Tupelocetus Temporal range: Middle Eocene, 41.3–38.0 Ma PreꞒ Ꞓ O S D C P T J K Pg N

Scientific classification
- Kingdom: Animalia
- Phylum: Chordata
- Class: Mammalia
- Infraclass: Placentalia
- Order: Artiodactyla
- Infraorder: Cetacea
- Family: †Protocetidae
- Subfamily: †Georgiacetinae
- Genus: †Tupelocetus M. L. Gibson et al. 2019
- Species: †T. palmeri
- Binomial name: †Tupelocetus palmeri M. L. Gibson et al. 2019

= Tupelocetus =

- Authority: M. L. Gibson et al. 2019
- Parent authority: M. L. Gibson et al. 2019

Extinct genus of cetaceans

Tupelocetus is an extinct genus of early cetacean found in the Bartonian (41.3 to 38.0 mya) Middle Eocene Tupelo Bay Formation, in Berkeley County, South Carolina.

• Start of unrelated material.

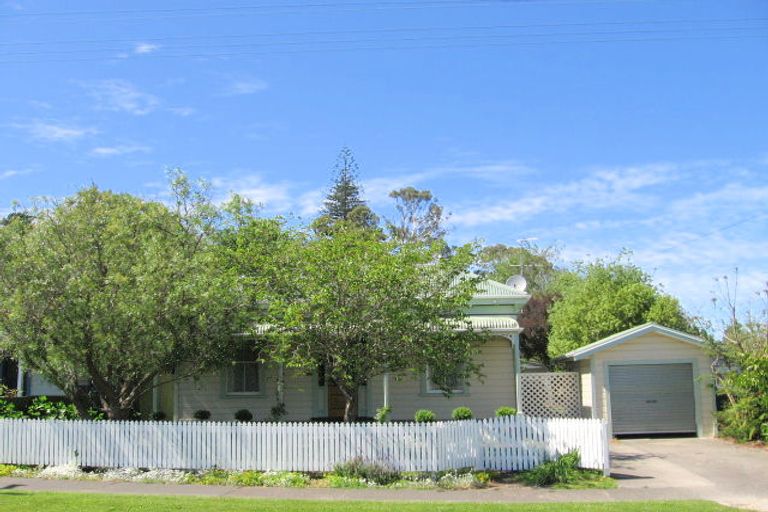 Photo of property in 17 Mangapapa Road, Mangapapa, Gisborne, 4010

Tupelocetus is known from a single fossil specimen, holotype ChM PV6950, which consists of a partial cranium consisting of both P2 teeth (premolars), the right orbital, posterior nasal, and multiple pieces of the ears, including complete petrosal bones and rear processes of the tympanic bones. The holotype was collected in 1999 by Billy Palmer, from whom the singular species of the genus, Tupelocetus palmeri receives its name. The specimen Palmer collected, and later prepared and donated, is now part of the Charleston Museum Vertebrate Paleontology Collection.

Tupelocetus differed from other protocetids due to its deep occipital cavity, monocuspid premolars, and large nasal processes. It has been found via tip-dating to be one of the most crownward (or latest surviving) georgiacetine protocetids, along with the genus Aegicetus.